(SOURCE DATA)
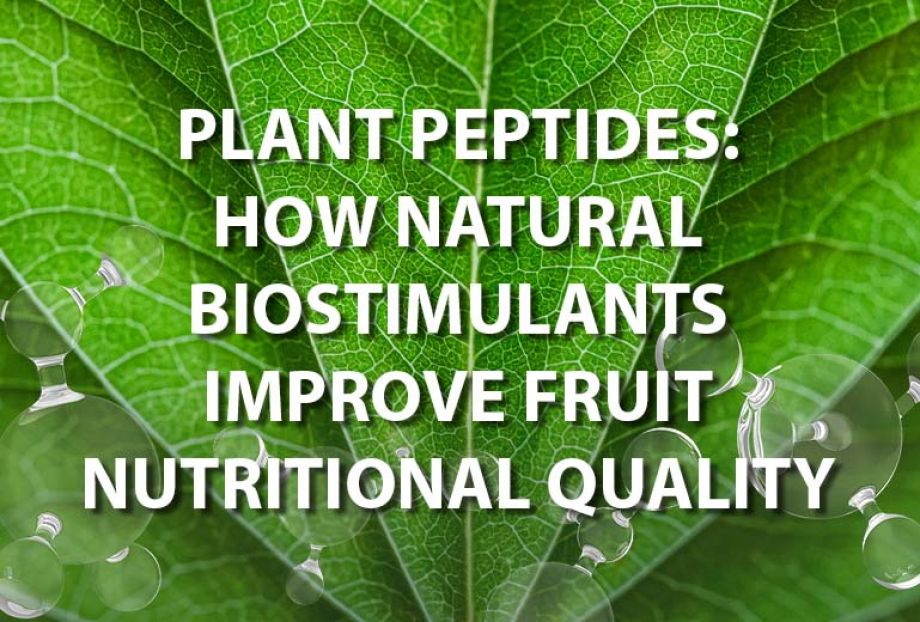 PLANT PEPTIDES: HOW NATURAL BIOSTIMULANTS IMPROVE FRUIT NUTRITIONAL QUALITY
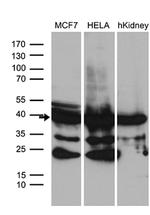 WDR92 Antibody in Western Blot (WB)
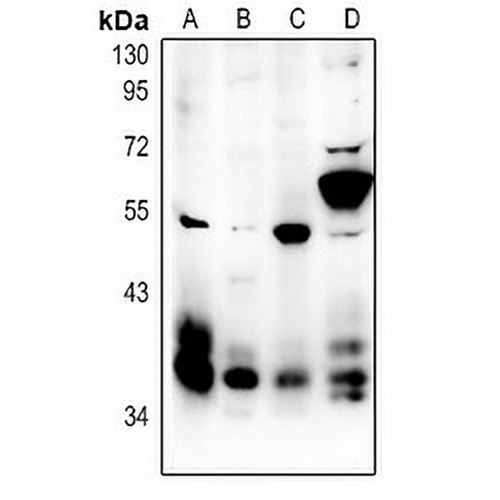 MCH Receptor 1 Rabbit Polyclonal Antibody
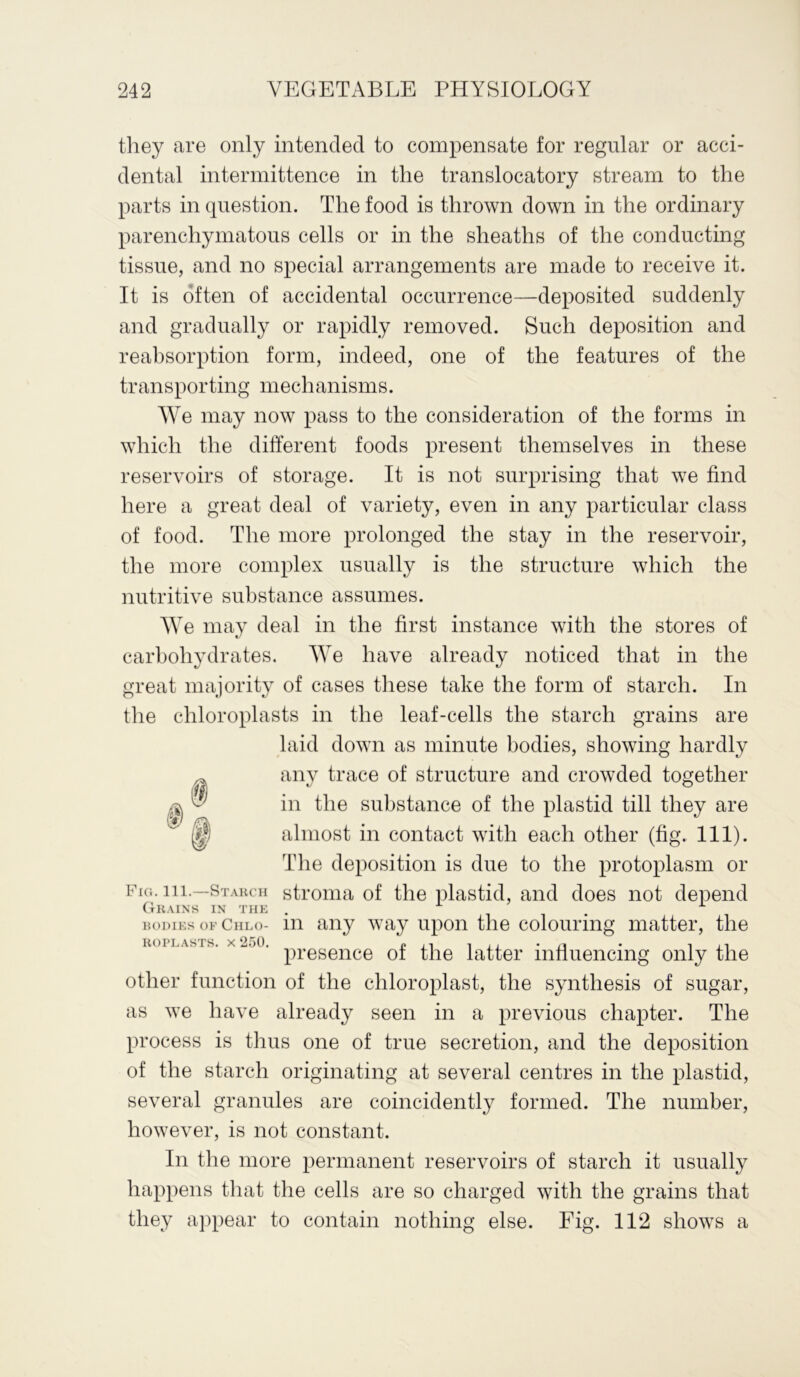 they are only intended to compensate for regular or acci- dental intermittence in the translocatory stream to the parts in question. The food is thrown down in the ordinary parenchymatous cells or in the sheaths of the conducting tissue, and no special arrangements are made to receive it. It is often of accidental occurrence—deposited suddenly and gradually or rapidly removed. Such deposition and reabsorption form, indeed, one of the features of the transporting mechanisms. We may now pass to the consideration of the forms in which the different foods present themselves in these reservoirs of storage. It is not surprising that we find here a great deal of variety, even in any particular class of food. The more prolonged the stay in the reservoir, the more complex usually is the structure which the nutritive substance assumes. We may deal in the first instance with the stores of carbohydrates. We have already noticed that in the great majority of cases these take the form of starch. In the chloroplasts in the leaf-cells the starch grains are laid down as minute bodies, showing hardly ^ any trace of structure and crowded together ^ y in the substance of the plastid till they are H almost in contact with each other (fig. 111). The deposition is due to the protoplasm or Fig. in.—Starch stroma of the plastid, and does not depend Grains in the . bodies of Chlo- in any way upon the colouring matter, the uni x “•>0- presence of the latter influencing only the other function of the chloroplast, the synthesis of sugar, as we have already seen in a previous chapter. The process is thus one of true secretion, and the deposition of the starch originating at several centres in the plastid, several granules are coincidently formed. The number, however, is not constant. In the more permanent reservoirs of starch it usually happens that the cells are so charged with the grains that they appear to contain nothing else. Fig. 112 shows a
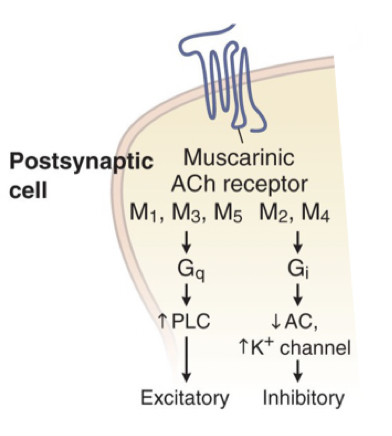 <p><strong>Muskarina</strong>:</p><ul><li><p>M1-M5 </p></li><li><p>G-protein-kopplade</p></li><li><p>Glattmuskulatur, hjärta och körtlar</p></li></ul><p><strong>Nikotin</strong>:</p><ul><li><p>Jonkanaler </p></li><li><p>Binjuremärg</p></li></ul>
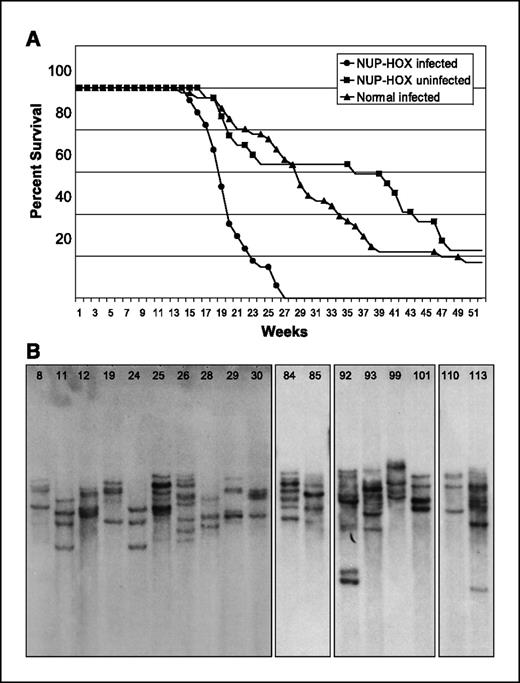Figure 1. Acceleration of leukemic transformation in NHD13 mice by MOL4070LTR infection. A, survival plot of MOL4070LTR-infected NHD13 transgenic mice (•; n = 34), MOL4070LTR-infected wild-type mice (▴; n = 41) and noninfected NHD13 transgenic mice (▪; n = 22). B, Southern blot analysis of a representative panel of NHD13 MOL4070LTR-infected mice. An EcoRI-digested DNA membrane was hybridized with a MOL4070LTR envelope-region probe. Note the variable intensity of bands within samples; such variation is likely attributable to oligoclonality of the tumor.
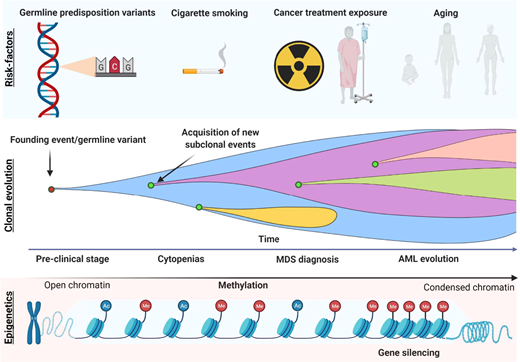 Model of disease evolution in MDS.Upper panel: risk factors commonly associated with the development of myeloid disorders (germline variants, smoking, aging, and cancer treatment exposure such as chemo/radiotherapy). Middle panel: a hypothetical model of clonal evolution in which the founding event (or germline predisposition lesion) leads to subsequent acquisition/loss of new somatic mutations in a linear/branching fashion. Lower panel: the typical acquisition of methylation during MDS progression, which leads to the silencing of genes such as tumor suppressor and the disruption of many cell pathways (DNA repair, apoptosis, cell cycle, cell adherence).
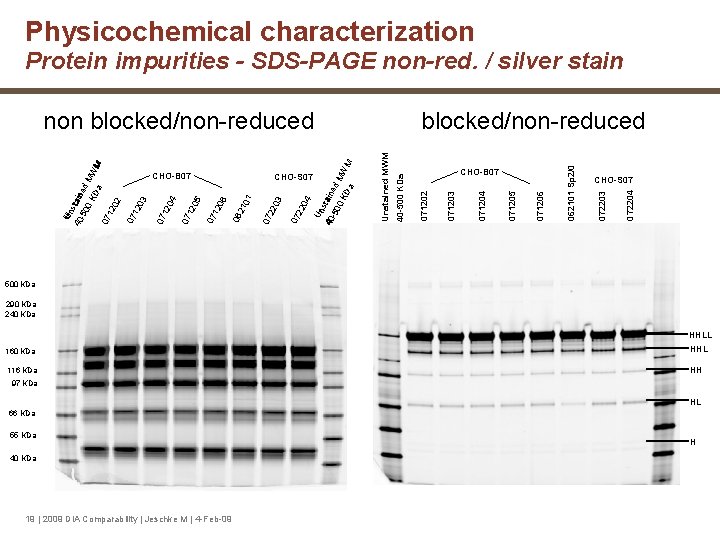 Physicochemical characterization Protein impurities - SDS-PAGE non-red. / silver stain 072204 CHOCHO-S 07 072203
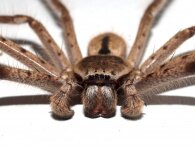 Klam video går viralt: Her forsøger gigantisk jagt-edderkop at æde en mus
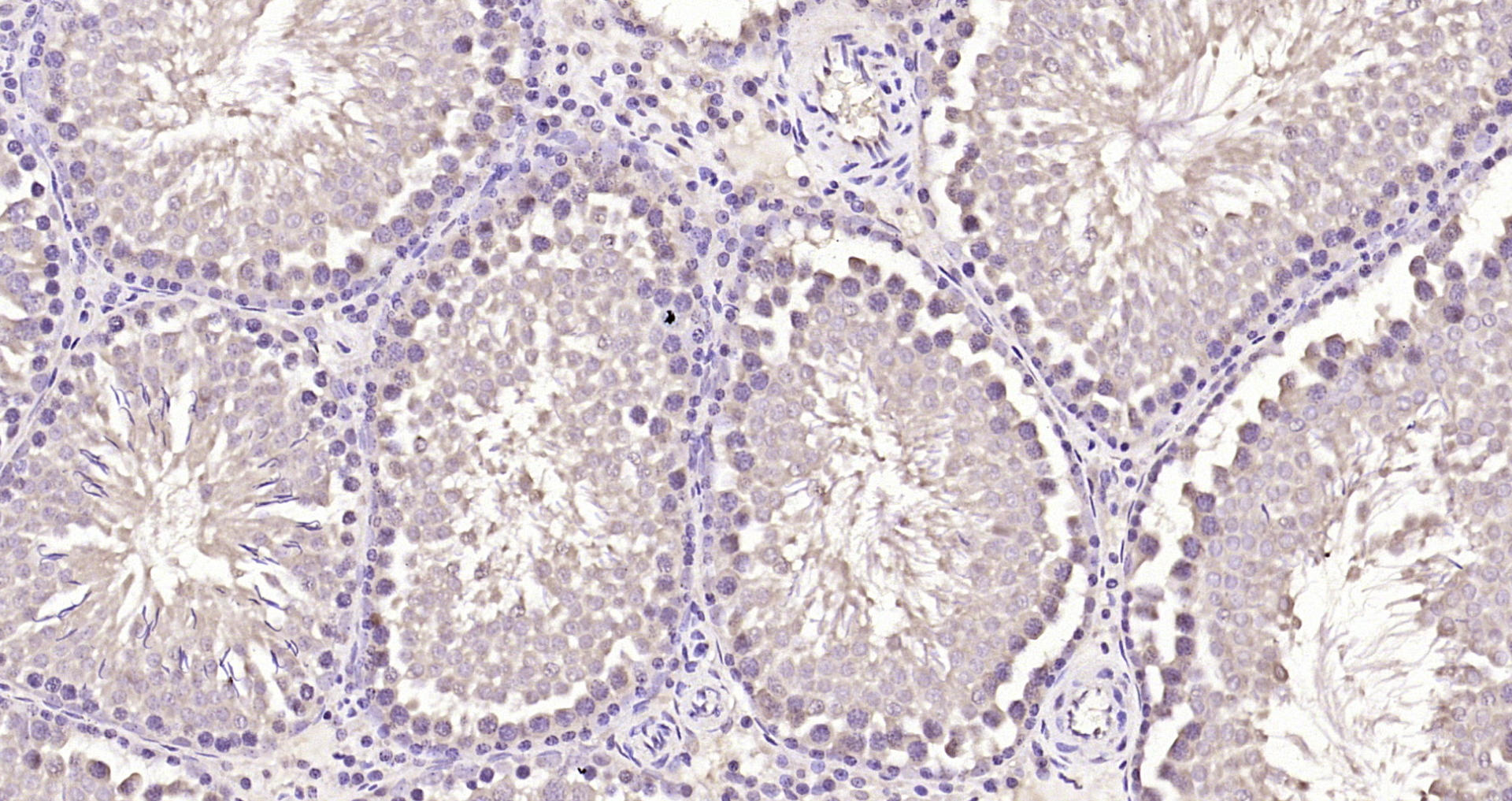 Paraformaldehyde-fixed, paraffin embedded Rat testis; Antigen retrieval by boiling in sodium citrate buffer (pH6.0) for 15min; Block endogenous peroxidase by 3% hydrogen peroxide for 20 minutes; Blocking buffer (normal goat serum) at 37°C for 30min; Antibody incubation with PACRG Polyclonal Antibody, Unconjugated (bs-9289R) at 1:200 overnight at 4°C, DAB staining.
(End SOURCE DATA)
* PROMPT: Skip the pictures and print each record exactly as it stands.

* TASK RESULT:
 PLANT PEPTIDES: HOW NATURAL BIOSTIMULANTS IMPROVE FRUIT NUTRITIONAL QUALITY
 WDR92 Antibody in Western Blot (WB)
 MCH Receptor 1 Rabbit Polyclonal Antibody
 they are only intended to compensate for regular or acci- dental intermittence in the translocatory stream to the parts in question. The food is thrown down in the ordinary parenchymatous cells or in the sheaths of the conducting tissue, and no special arrangements are made to receive it. It is often of accidental occurrence—deposited suddenly and gradually or rapidly removed. Such deposition and reabsorption form, indeed, one of the features of the transporting mechanisms. We may now pass to the consideration of the forms in which the different foods present themselves in these reservoirs of storage. It is not surprising that we find here a great deal of variety, even in any particular class of food. The more prolonged the stay in the reservoir, the more complex usually is the structure which the nutritive substance assumes. We may deal in the first instance with the stores of carbohydrates. We have already noticed that in the great majority of cases these take the form of starch. In the chloroplasts in the leaf-cells the starch grains are laid down as minute bodies, showing hardly ^ any trace of structure and crowded together ^ y in the substance of the plastid till they are H almost in contact with each other (fig. 111). The deposition is due to the protoplasm or Fig. in.—Starch stroma of the plastid, and does not depend Grains in the . bodies of Chlo- in any way upon the colouring matter, the uni x “•>0- presence of the latter influencing only the other function of the chloroplast, the synthesis of sugar, as we have already seen in a previous chapter. The process is thus one of true secretion, and the deposition of the starch originating at several centres in the plastid, several granules are coincidently formed. The number, however, is not constant. In the more permanent reservoirs of starch it usually happens that the cells are so charged with the grains that they appear to contain nothing else. Fig. 112 shows a
 <p><strong>Muskarina</strong>:</p><ul><li><p>M1-M5 </p></li><li><p>G-protein-kopplade</p></li><li><p>Glattmuskulatur, hjärta och körtlar</p></li></ul><p><strong>Nikotin</strong>:</p><ul><li><p>Jonkanaler </p></li><li><p>Binjuremärg</p></li></ul>
Figure 1. Acceleration of leukemic transformation in NHD13 mice by MOL4070LTR infection. A, survival plot of MOL4070LTR-infected NHD13 transgenic mice (•; n = 34), MOL4070LTR-infected wild-type mice (▴; n = 41) and noninfected NHD13 transgenic mice (▪; n = 22). B, Southern blot analysis of a representative panel of NHD13 MOL4070LTR-infected mice. An EcoRI-digested DNA membrane was hybridized with a MOL4070LTR envelope-region probe. Note the variable intensity of bands within samples; such variation is likely attributable to oligoclonality of the tumor.
 Model of disease evolution in MDS.Upper panel: risk factors commonly associated with the development of myeloid disorders (germline variants, smoking, aging, and cancer treatment exposure such as chemo/radiotherapy). Middle panel: a hypothetical model of clonal evolution in which the founding event (or germline predisposition lesion) leads to subsequent acquisition/loss of new somatic mutations in a linear/branching fashion. Lower panel: the typical acquisition of methylation during MDS progression, which leads to the silencing of genes such as tumor suppressor and the disruption of many cell pathways (DNA repair, apoptosis, cell cycle, cell adherence).
 Physicochemical characterization Protein impurities - SDS-PAGE non-red. / silver stain 072204 CHOCHO-S 07 072203
 Klam video går viralt: Her forsøger gigantisk jagt-edderkop at æde en mus
 Paraformaldehyde-fixed, paraffin embedded Rat testis; Antigen retrieval by boiling in sodium citrate buffer (pH6.0) for 15min; Block endogenous peroxidase by 3% hydrogen peroxide for 20 minutes; Blocking buffer (normal goat serum) at 37°C for 30min; Antibody incubation with PACRG Polyclonal Antibody, Unconjugated (bs-9289R) at 1:200 overnight at 4°C, DAB staining.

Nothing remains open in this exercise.